> **Problem description**
Retype each line below precisely and omit all images.

> **Material for the task**

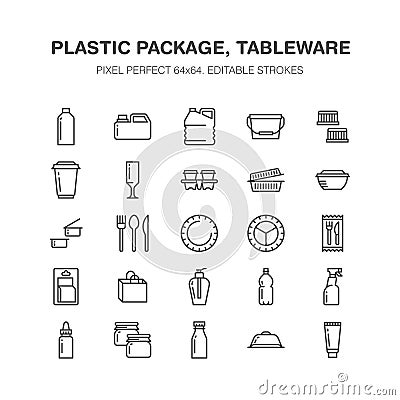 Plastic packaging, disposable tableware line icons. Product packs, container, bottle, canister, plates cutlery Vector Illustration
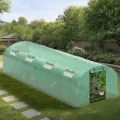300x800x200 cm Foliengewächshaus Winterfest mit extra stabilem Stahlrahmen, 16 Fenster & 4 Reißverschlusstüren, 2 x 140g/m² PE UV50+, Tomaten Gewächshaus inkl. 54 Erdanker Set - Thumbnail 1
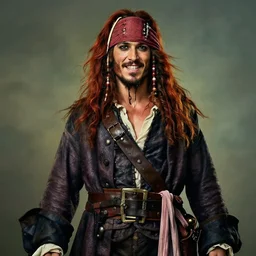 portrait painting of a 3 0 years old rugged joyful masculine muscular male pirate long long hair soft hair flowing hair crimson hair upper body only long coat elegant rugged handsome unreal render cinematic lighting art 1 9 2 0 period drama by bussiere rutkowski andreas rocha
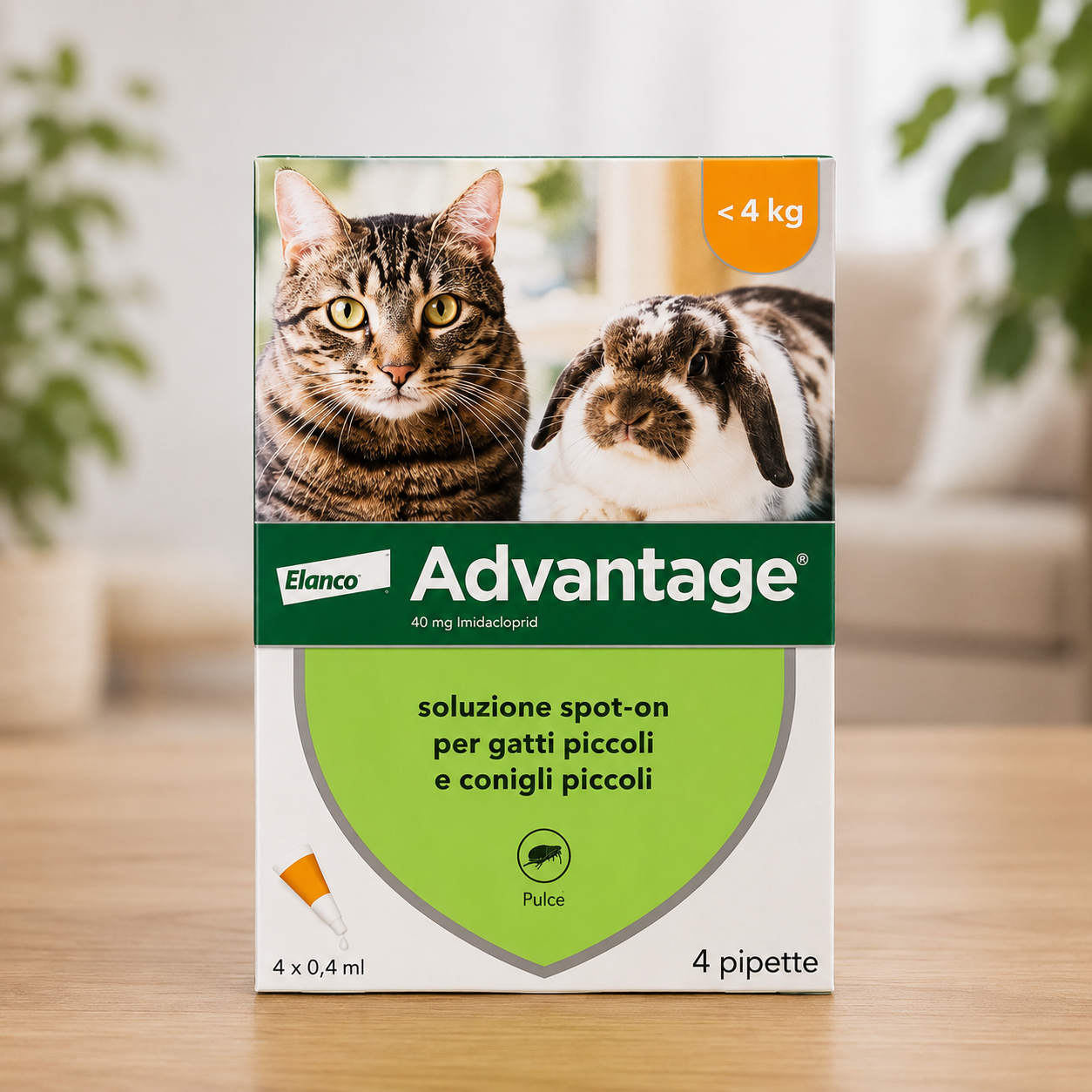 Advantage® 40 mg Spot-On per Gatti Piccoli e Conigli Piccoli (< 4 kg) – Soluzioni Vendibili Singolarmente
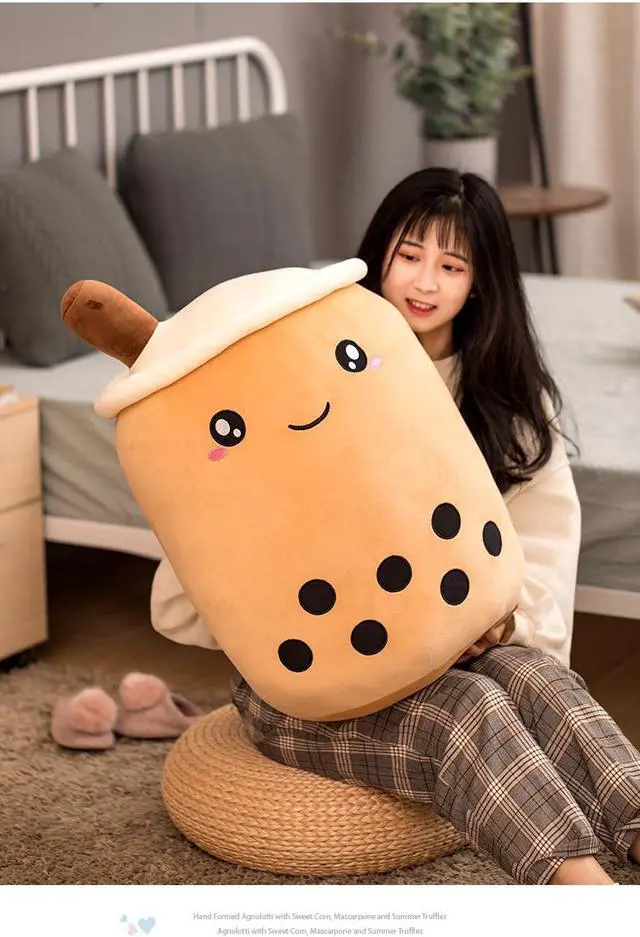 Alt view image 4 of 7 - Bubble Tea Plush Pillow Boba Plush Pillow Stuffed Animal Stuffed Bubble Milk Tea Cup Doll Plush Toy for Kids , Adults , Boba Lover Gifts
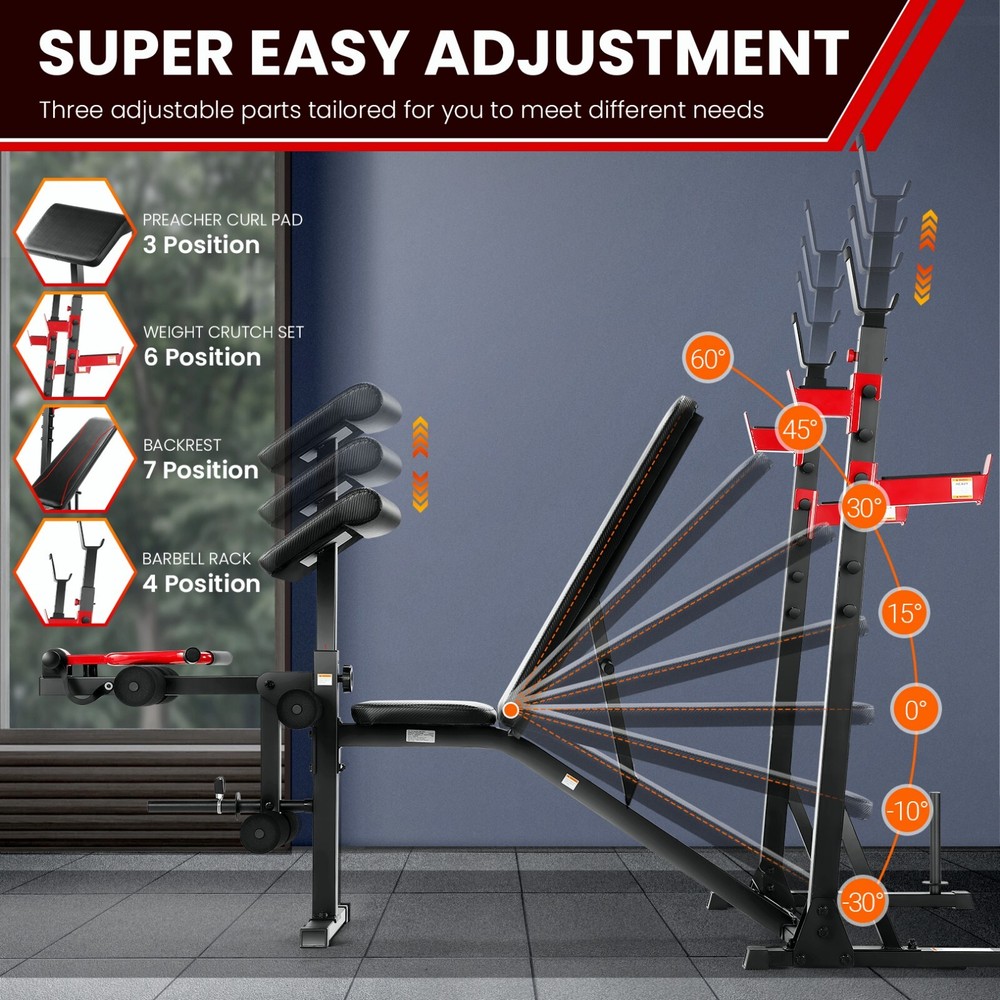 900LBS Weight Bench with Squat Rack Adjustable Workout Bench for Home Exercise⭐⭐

> **Result of the task**
 Plastic packaging, disposable tableware line icons. Product packs, container, bottle, canister, plates cutlery Vector Illustration
300x800x200 cm Foliengewächshaus Winterfest mit extra stabilem Stahlrahmen, 16 Fenster & 4 Reißverschlusstüren, 2 x 140g/m² PE UV50+, Tomaten Gewächshaus inkl. 54 Erdanker Set - Thumbnail 1
 portrait painting of a 3 0 years old rugged joyful masculine muscular male pirate long long hair soft hair flowing hair crimson hair upper body only long coat elegant rugged handsome unreal render cinematic lighting art 1 9 2 0 period drama by bussiere rutkowski andreas rocha
 Advantage® 40 mg Spot-On per Gatti Piccoli e Conigli Piccoli (< 4 kg) – Soluzioni Vendibili Singolarmente
 Alt view image 4 of 7 - Bubble Tea Plush Pillow Boba Plush Pillow Stuffed Animal Stuffed Bubble Milk Tea Cup Doll Plush Toy for Kids , Adults , Boba Lover Gifts
 900LBS Weight Bench with Squat Rack Adjustable Workout Bench for Home Exercise⭐⭐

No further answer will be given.